Thursday 24 February 2011

Syndicalism: Review Essay

Syndicalism and Radical Unionism, Socialist History 37.
Published by Rivers Oram Press, 2010.
ISBN 978 1 85489 174 7

Killing No Murder, South Wales and the Great Railway Strike of 1911,
By Robert Griffiths.
With an introduction by Bob Crow, General Secretary of the Rail, Maritime and Transport Union.
Published by Manifesto Press, 2009.
ISBN 978 1 907464 01 0

The UK Socialist History Society deserves great credit for dedicating an issue of their journal to the subject of syndicalism. It is a subject that has been short changed in much historical writing about both trade unionism and the working class movement. It sometimes seems that syndicalist ideas are often treated more seriously in mainstream histories than in those which purport to be from a left or socialist perspective.

I found this collection of essays quite uplifting and they certainly shed some light on some key moments in the story of the syndicalist contribution to working class history.

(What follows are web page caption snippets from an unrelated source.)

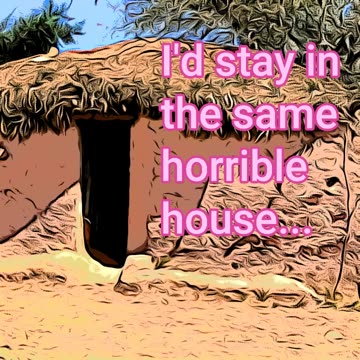 2nd Life Dolls Presents: 1.1.8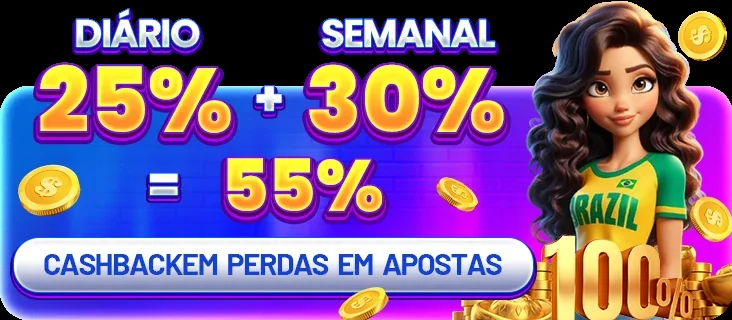 FBJILI SLOT JILI Login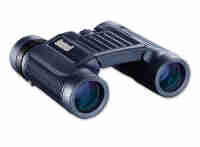 Bushnell H2O Binoculars Review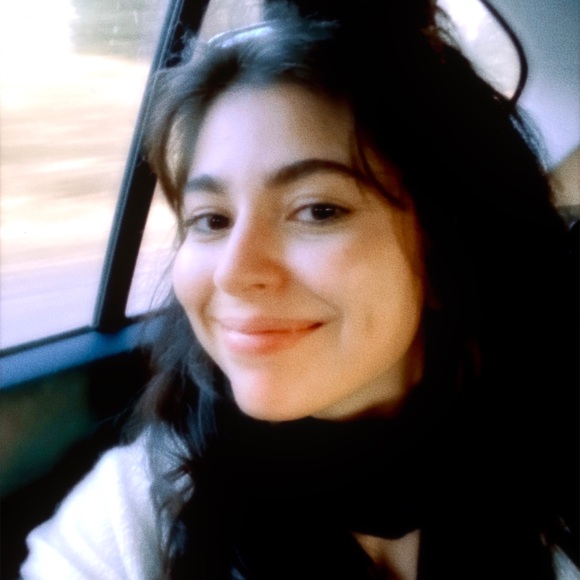 alyssa_angeles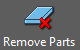 Remove_Parts_Icon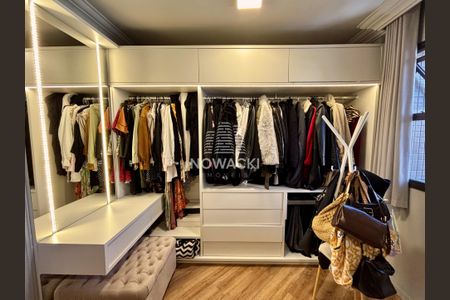 7_photo/94dce22f31.d70df24542b2a0c5-ATLAS-e3305106-5dcd-4be4-aa52-6d72e33428a1.jpg de apartamento à venda com 3 quartos, 120m² em Mossunguê, Curitiba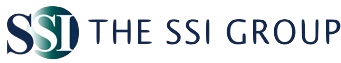 The SSI Group — Specialty Staffing Group LLC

In the opening editorial essay, Ralph Darlington, Professor of Employment Relations at Salford University, points out that the key ideas of revolutionary unionism emerged with the development of capitalism. In Britain from the 1830’s and the Grand National Consolidated Trades Union and Robert Owens proposal for a general strike in the form of a Grand National Holiday syndicalist ideas have arisen at regular intervals.

He points out that the movement faced three ‘paradoxes or dilemmas’: firstly in how much influence it had, secondly, the potential flaw of the limitations of trade unionism within capitalist society, and thirdly of the challenge to syndicalism from communism.

In his contribution to the journal, Alex Gordon, currently President of the Rail Maritime and Transport Union(RMT) here in the UK, our most effective, class conscious and militant trade union, writes about a lesser known English syndicalist, Charles Watkins. In the wake of Britain’s first national railway strike, in 1911, Watkins founded and edited the Syndicalist Railwayman newspaper.

This essay is complementary to the other book I am reviewing an account of the 1911 railway strike as it affected South Wales. This book, written by Robert Griffiths, today the General Secretary of the Communist Party of Britain, does not shy away from the syndicalist nature of that dispute nor does, incidentally, the current general secretary of the railworkers (RMT) in Britain, Bob Crow, who writes an introduction to the book. Both draw important lessons from the dispute which was the last time troops shot and killed strikers on the UK mainland.

Griffiths points out that in studying the history of this period the miners have received most of the attention. This is partly due to the power of the South Wales Miners Federation and its lodges which produced both official and unofficial newspapers. Indeed as Gordon argues one of the few lasting literary monuments of the campaign for industrial unionism was The Miners Next Step published in 1912. Griffiths argues that it is time for the railway workers to take centre stage and I would argue there is much of value in Watkins writings and those he went onto write in Tom Mann’s, The Syndicalist.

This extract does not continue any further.